Изменить размер шрифта - +
Подпись тоже хоть и с юморком, но жалко-жалобная: «Ваш пренахально Вас обирающий В. Васнецов».

Живет Виктор Михайлович уже не в двух комнатах, а на улице де Лилле в № 28 отеля де ла Паис. Отсюда он и сообщал Крамскому 23 марта 1877 года: «Ну-с, картину я кончил и послал в Салон вместе с „Чаепитием“ – одни страдания кончились – картина родилась; теперь начинаются другие страдания – ожидание или refuse! или fiasco! А впрочем, все это не стоит никаких волнений».

Но волновался, по письму видно, как волновался.

Он окидывал свой бедный номеришко плутовски-шальным взглядом, нежно гладил окаянную доску, на которой только что закончил очередной шедевр для второго тома Водовозовой.

Это была группа шотландцев. Двоих Васнецов усадил за крошечный столик, любимая композиция фотографов той поры. Группу из двух женщин и мужчины поставил рядом, справа. В центре поместил очередного своего ребенка Аполлинария, в шотландском колпаке и платье, но босого. Фон никакой. Времени не было. Фигуры застывшие, но лица все выразительные и особенно руки. У сидящих руки барские, у стоящих тяжелые, работящие – это крестьяне, а у молодой женщины, тоже стоящей, пока еще не рука, а ручка.

– Доски, говоришь? – улыбался в усы Виктор Михайлович. – И доски резали. Кормилицы!

Он любовно вырезал подпись «В. Васнецов», подул на доску, погладил, отставил.

Радость не унималась: в Питере он побежал бы к Праховым за музыкой. Куда в Париже пойдешь? В кафе, на чужие люди? Решил вдруг, что надо преодолеть искушение, высидеть свое счастье, как курица высиживает яйцо.

Принялся молиться, но устыдился себя самого: бог дал ему талант, бог дал ему – быть художником, чего же попрошайничать? Успех-то, а парижский в особенности, он ведь, может быть, от лукавого!
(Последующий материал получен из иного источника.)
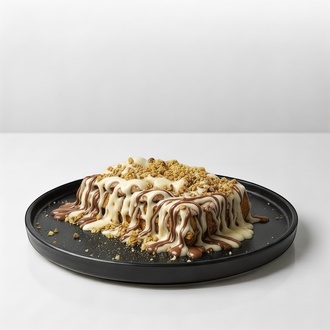 White Chocolate & Milk Chocolate Waffle (Küçük Boy) görseli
И, поглядевши в окошко, сел, смирясь, за новую доску, переводя на нее рисунок Рашевского, где зрители в котелках глазели на обнаженных до пояса, но в брюках и ботинках, по форме того времени, боксеров.
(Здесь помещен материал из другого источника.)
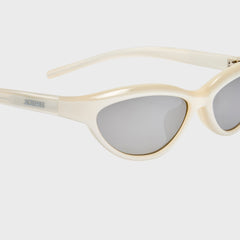 Jacquemus Curvo Frames - Metallic Pearl / Silver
«Хорошо бы явиться на открытие Салона не первым», – думал он, радуясь тому, что сон нейдет.

Заснул под утро, но спал по-куриному, вздрагивая и пробуждаясь. На ногах был вместе с ранним солнышком. Не в силах более удерживать и мучить себя, пешком отправился на свои «победу иль позор».

Ни того, ни другого!

«Представьте себе, у моих картин толпы нет и в обморок никто не падает, – написал он 4 мая Крамскому. – Появляются редкие фигуры в профиль и вполоборота к картине. Отчего это? Я объясняю тем, что высоко повешен, а публика любит смотреть только 1-й ряд.

Потом она добросовестна и смотрит залы в порядке алфавитном по каталогу. Моя буква W в конце. Ну она и устает – кроме того, что такое публика? – Толпа! – где же ей понять! Не правда ли, ведь это настоящие причины того, что никакая шельма… Пожалуй, вы скажете, что есть и другие причины равнодушия этой толпы, да я-то не хочу этого знать! А то, пожалуй, будешь думать, думать и додумаешься до чертовщины.

Жаль, что Вы не приедете, но зато я к Вам скоро приеду. Денег вот только нет. Куинджи мне писал, что моя „Картинная лавочка“ за 400 р. продалась, и если деньги получены пли могут быть получены, то нельзя ли мне сейчас же выслать руб. 150… – без этого я не могу ехать».

А на следующий день Крамскому отправлено новое письмо, торопливое и счастливое: «Мне Боголюбов дал 400 р. для передачи в Петербурге Лаврецкому. На эти деньги я и поеду на следующей неделе около четверга… Я страшно рад, что так скоро выезжаю из этого милого Парижа».

Да ведь и действительно нечего было делать в Париже: поглядел и себя показал. Не увидели – не беда. Время для смотрин не вызрело.